L’EUROPA SECONDO MERZ
Che ci sia tanta Europa nella visione di Merz è fuori di dubbio. Quello che però sembra essere il canovaccio della sua politica è la maggiore indipendenza, energetica, industriale, dunque strategica. Il che si sposa bene con un’altra concezione, quella di Mario Draghi. Sul tavolo di Bruxelles, per esempio, c’è la proposta di Ursula von der Leyen di escludere le spese militari dal Patto di Stabilità. Ma Merz, atlantista e comunque fautore del rigore fiscale, potrebbe cadere vittima di quella disciplina di bilancio tutta tedesca, che mal si concilia con gli investimenti.
Per questo Berlino dovrà necessariamente trovare un equilibrio tra disciplina fiscale e stimolo industriale, tra salvaguardia dei propri conti e consapevolezza che senza crescita, e la Germania ne ha un gran bisogno, non c’è futuro. Tutto questo chiama in causa anche l’Italia, per cui la Germania rappresenta il primo mercato di sbocco delle esportazioni. Inoltre, la sostenibilità del modello sociale tedesco è in pericolo: l’invecchiamento della popolazione e l’aumento della spesa per pensioni e sanità rendono necessaria una riforma del welfare.
LA GRANDE SFIDA CONTRO IL DECLINO TEDESCO
Insomma, alla fine tutto conduce alla lotta contro il declino industriale tedesco. Le imprese tedesche, impensabile fino a qualche anno fa, soffrono oggi di quella che i leader aziendali e sindacali definiscono una crisi di competitività determinata da carenze infrastrutturali, eccesso di burocrazia ed elevati costi energetici dopo l’invasione dell’Ucraina da parte di Mosca, dal cui gas Berlino era eccessivamente dipendente. Il governo di coalizione di Olaf Scholz, al potere dal 2021, ha ridotto notevolmente tale dipendenza, ma pagando di più il gas importato.

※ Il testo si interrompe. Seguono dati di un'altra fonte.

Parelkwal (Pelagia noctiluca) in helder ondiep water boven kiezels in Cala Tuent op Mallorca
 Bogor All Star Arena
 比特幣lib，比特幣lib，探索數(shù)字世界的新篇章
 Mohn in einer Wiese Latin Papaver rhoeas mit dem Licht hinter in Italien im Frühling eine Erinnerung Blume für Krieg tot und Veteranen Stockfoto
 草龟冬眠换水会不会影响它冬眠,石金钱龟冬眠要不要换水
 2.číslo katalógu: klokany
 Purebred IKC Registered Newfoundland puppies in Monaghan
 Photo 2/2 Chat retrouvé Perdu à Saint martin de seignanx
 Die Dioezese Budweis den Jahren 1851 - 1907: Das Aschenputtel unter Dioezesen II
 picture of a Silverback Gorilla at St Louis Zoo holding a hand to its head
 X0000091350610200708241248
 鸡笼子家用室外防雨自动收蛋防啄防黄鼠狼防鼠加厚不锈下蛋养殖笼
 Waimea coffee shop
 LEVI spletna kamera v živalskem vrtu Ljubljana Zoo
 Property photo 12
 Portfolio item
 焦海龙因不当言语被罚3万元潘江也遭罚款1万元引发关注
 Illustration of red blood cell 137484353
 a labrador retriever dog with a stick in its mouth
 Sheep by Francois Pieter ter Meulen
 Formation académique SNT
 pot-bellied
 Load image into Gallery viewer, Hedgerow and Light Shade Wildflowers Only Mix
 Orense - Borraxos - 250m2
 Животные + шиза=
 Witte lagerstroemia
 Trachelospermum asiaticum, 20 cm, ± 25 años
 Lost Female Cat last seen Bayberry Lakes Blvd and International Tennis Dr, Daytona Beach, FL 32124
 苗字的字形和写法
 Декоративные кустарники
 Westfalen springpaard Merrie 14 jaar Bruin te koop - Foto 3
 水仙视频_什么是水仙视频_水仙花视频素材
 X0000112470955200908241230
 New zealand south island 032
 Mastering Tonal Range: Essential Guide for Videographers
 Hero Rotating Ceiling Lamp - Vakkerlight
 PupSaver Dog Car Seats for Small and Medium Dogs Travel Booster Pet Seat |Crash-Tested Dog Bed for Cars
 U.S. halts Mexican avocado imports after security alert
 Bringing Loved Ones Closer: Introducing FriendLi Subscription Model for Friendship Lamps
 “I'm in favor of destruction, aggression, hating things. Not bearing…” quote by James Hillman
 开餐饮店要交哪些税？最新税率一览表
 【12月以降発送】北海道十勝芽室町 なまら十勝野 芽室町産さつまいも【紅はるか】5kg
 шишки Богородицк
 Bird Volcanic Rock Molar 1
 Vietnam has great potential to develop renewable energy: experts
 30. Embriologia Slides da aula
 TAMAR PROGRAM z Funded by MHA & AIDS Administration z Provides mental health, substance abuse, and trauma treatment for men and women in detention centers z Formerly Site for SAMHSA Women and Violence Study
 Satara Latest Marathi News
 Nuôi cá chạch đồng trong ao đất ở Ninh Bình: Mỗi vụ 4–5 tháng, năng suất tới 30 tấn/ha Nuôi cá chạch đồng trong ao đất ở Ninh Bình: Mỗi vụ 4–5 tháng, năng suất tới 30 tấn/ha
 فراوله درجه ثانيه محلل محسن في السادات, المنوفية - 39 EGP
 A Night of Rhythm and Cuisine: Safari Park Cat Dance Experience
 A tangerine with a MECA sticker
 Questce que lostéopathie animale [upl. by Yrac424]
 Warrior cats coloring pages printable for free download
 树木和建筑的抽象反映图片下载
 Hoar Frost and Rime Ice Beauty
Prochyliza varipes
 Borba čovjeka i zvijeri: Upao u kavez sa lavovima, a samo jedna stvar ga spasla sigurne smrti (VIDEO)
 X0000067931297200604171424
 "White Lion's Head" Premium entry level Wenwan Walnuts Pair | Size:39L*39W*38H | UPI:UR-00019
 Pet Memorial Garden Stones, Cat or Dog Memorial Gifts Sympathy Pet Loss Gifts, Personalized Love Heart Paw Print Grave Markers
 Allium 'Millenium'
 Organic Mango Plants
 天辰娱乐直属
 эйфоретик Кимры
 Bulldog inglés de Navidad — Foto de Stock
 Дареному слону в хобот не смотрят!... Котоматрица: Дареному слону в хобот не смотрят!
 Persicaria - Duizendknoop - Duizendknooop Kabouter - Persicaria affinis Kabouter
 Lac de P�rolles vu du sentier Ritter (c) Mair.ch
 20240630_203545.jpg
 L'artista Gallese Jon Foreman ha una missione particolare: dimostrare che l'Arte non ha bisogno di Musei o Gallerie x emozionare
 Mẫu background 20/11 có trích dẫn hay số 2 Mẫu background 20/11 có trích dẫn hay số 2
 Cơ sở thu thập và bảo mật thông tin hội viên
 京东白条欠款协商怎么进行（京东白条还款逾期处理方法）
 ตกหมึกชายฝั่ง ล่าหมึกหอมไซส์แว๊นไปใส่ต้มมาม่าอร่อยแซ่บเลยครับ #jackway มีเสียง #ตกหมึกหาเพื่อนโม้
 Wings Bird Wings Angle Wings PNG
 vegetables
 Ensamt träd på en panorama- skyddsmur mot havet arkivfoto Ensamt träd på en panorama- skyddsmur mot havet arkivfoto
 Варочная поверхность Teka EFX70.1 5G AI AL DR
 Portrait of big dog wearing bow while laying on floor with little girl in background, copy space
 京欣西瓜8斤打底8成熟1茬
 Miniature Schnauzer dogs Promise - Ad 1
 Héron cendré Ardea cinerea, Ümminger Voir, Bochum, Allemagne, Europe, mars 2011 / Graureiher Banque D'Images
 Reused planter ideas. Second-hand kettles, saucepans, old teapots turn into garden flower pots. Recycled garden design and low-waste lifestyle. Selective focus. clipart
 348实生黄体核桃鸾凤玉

Nel frattempo, le auto tedesche sono diventate relativamente più costose, soprattutto rispetto alla Cina che da mercato di sbocco è diventata un agguerrito competitor nel settore automobilistico. Da due anni l’economia tedesca è per tutti questi motivi in recessione e ora le cose potrebbero peggiorare ulteriormente con la prospettiva della guerra commerciale legata ai dazi annunciati dagli Usa. I tedeschi, anche per questo, sono a votare pensando principalmente all’economia. E ora la palla passa a Merz.